In His Father's Footsteps - Danielle Steel

Chapter 1

On April 6, 1945, the Nazis began evacuating Buchenwald concentration camp, on the Ettersberg Mountain, near Weimar, Germany. The camp had been in operation for eight years, since 1937, and two hundred and thirty-eight thousand prisoners, men, women, and children, had passed through the camp by then. Fifty-six thousand prisoners had died there: Czechs, Poles, French, Germans.

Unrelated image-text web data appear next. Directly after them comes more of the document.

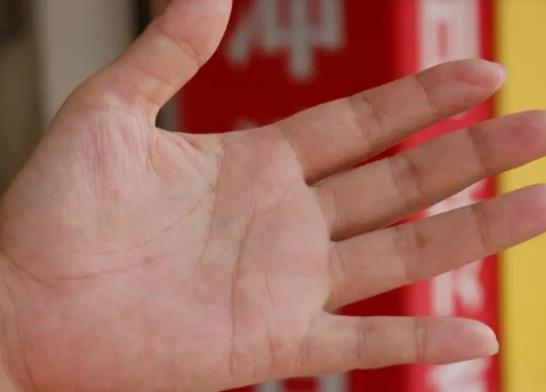 手指被自己掰粗了可以恢復(fù)嗎?掰手指關(guān)節(jié)響有沒(méi)有危害 手指被自己掰粗了可以恢復(fù)嗎?掰手指關(guān)節(jié)響有沒(méi)有危害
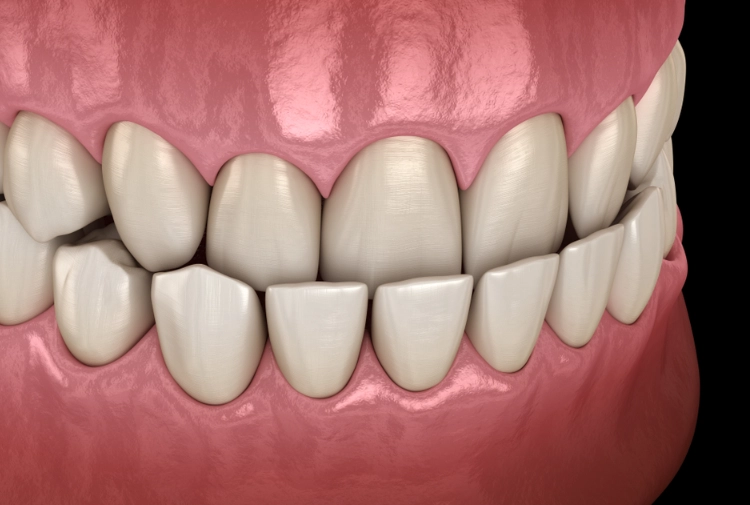 Underbite Explained: Causes, Treatments, and Your Complete Guide
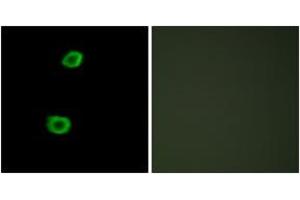Immunofluorescence analysis of HepG2 cells, using LMTK2 Antibody.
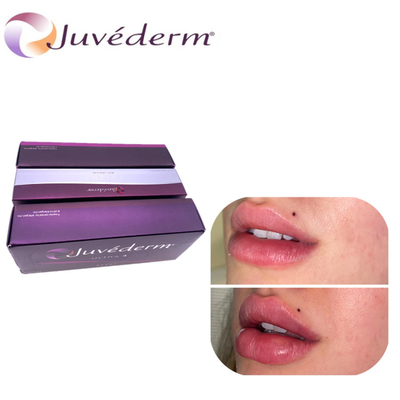Juvederm Hiyaluronik Asit Dudak Genişletme Dermal Dolgu Burnunu kaldırma Doldurma Yüzü için kalıcı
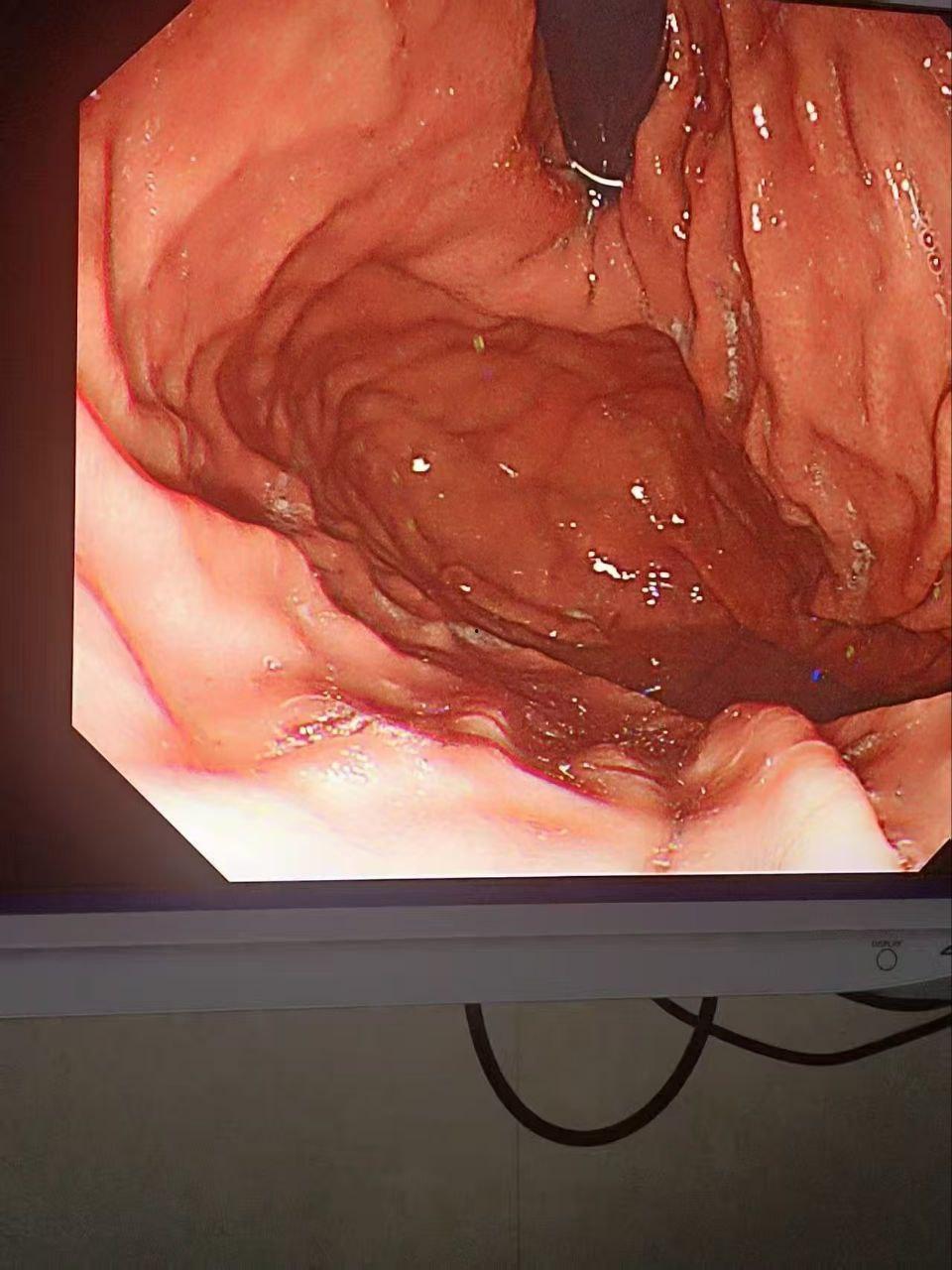 金主酒吧消费巨款，陪酒女为博金主一笑，酒后拳交，玩大了，金主爸爸手上戒指卡里面！-7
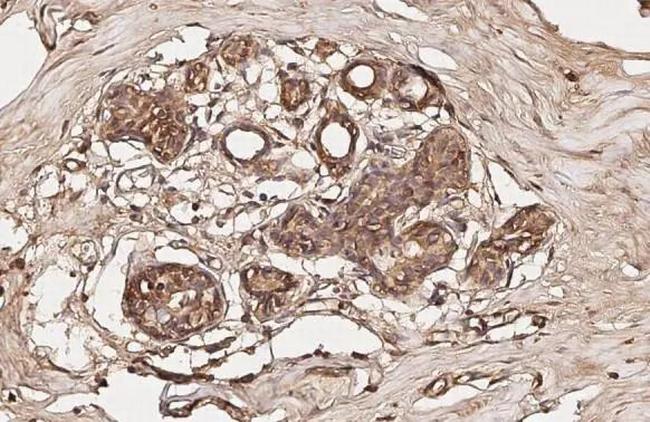 Phospho-FOXO1 (Ser256) Antibody in Immunohistochemistry (Paraffin) (IHC (P))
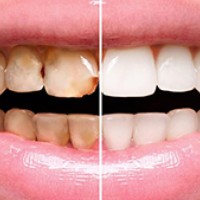 Dental Veneers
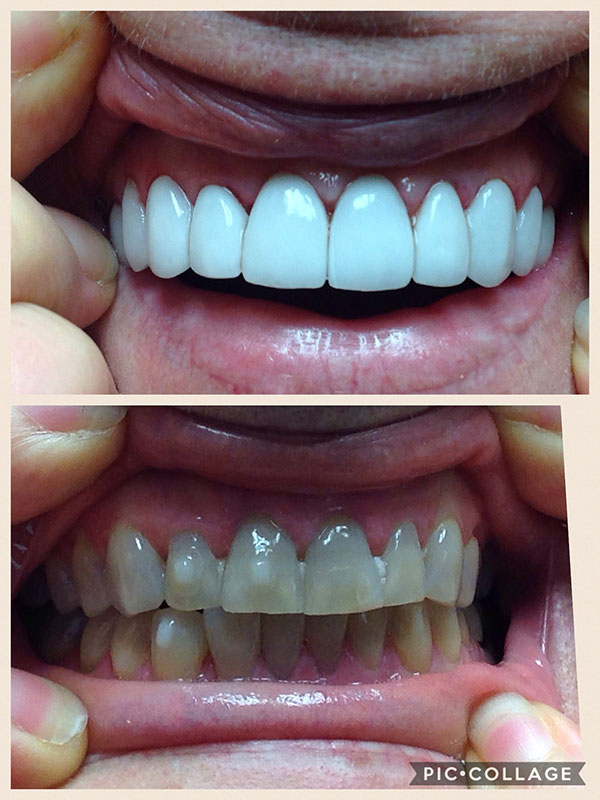 BO MACDONALD DDS DENTISTRY BO MACDONALD DDS DENTISTRY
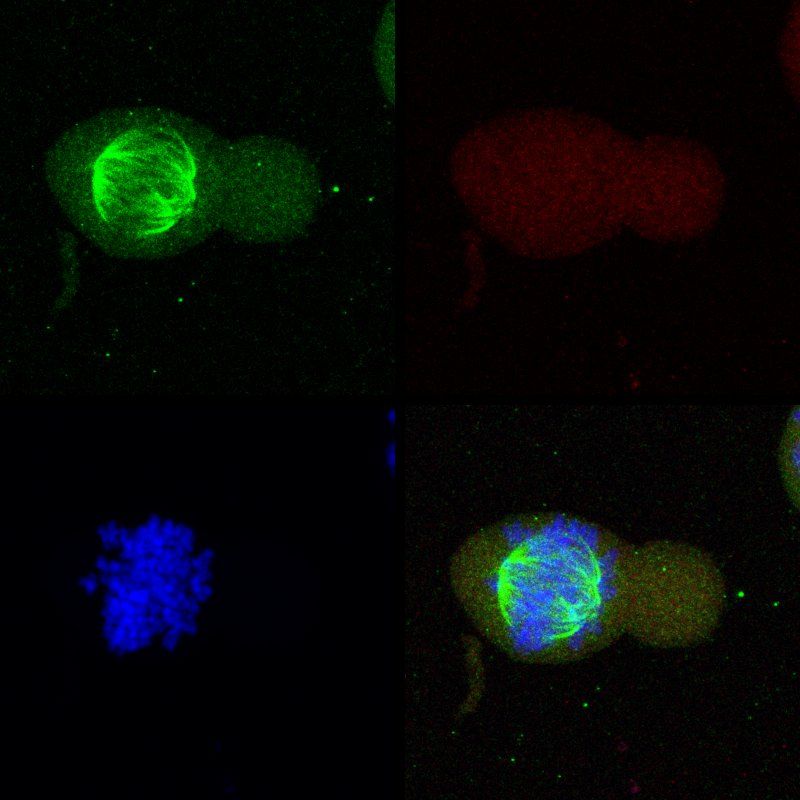 KT1 leukemic cell in mitosis showing spindle and chromosomes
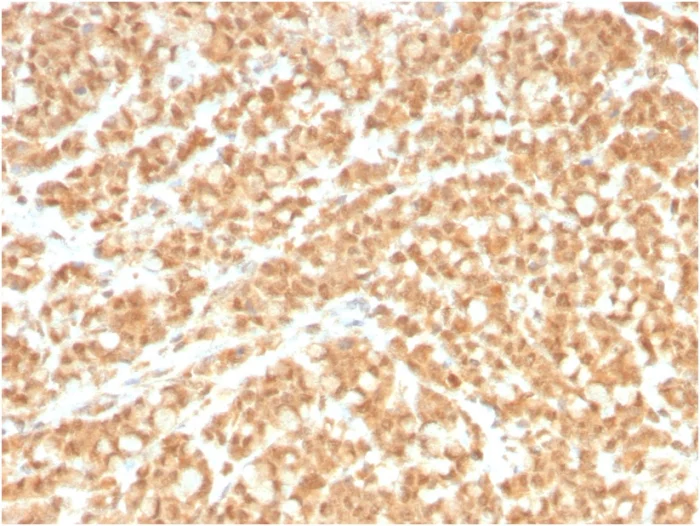Immunohistochemistry (Formalin/PFA-fixed paraffin-embedded sections) - Anti-ICOS Ligand/ICOSL antibody [ICOSL/3260] - BSA and Azide free (AB268180)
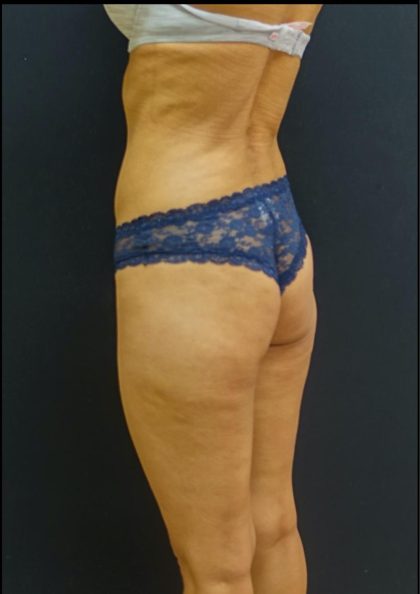 Butt Implants Before & After Patient #6252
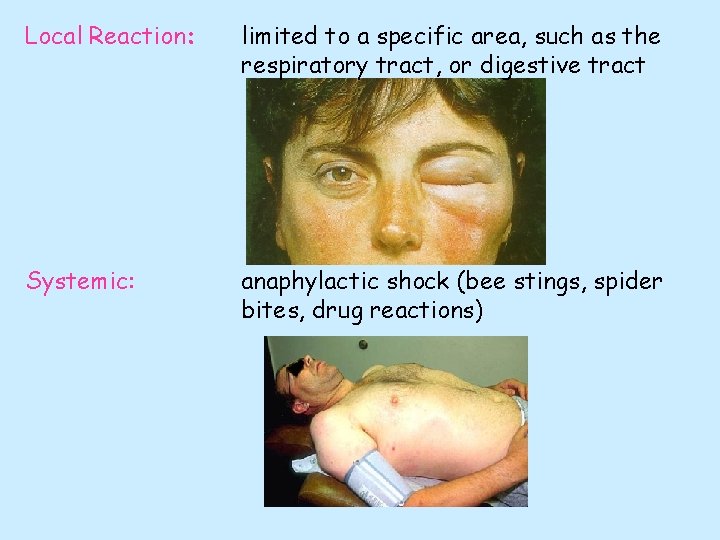 Local Reaction: limited to a specific area, such as the respiratory tract, or digestive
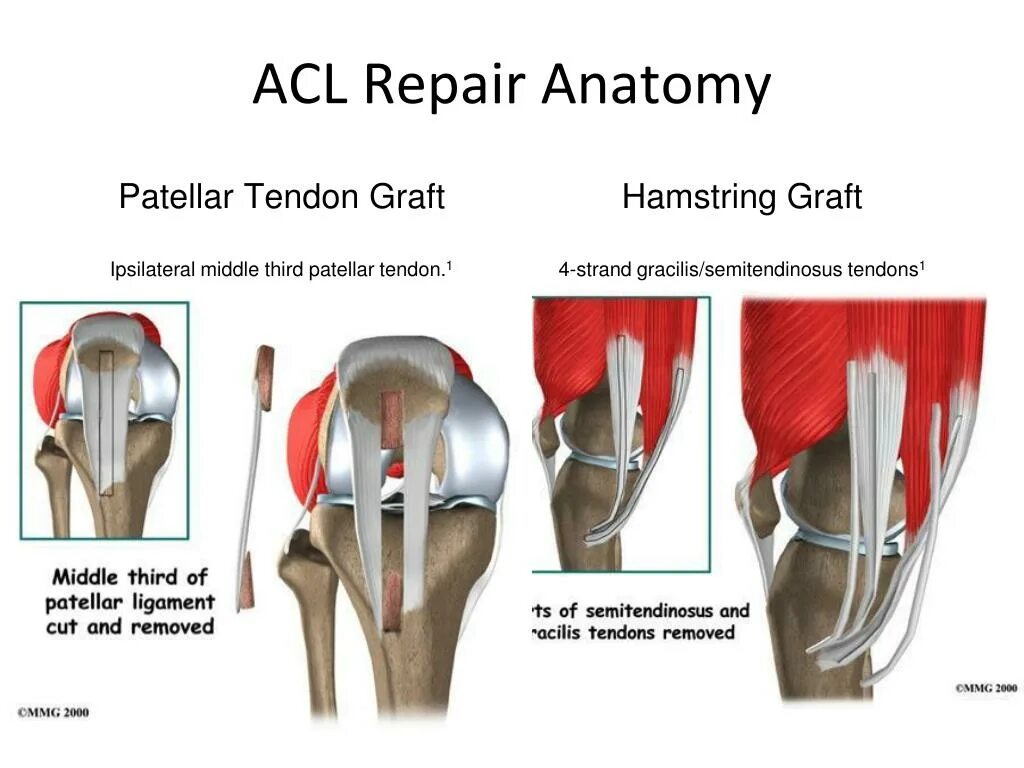 Acl что это. Hamstring tendon трансплантат. Хамстринг анатомия.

On the sixth of April, U.S. troops had been in the area for two days, and the Nazis wanted all the prisoners out of the camp before the Allied forces arrived. It was a labor camp, with a crematorium, a medical facility where horrific medical experiments were conducted, and horse barracks to house the prisoners. Stables which had once held up to eighty horses were lived in by twelve hundred men, five to a bunk. There were additional buildings for the men. And a single barracks for the women, which could accommodate up to a thousand female inmates.

On the sixth of April, most of the women prisoners were sent to Theresienstadt, once considered a model camp, used as a showplace for visitors and the Red Cross. The women who were mobile enough to go were moved by train or on foot. Those who weren’t remained in the barracks, ignored at the end. As many male prisoners as could be handled were evacuated too. They were to be moved deeper into Germany, or sent to other camps farther away. The evacuation continued for two days, as the prisoners wondered what would happen next.

On April 8, Gwidon Damazyn, a Polish engineer who had been at the camp for four years, used the hidden shortwave transmitter he had built, and sent a message in Morse code in German and English. To the Allies. To the army of General Patton. This is the Buchenwald concentration camp. SOS. We request help. They want to evacuate us. The SS wants to destroy us. Working with Damazyn, Konstantin Leonov sent the same Morse code message in Russian.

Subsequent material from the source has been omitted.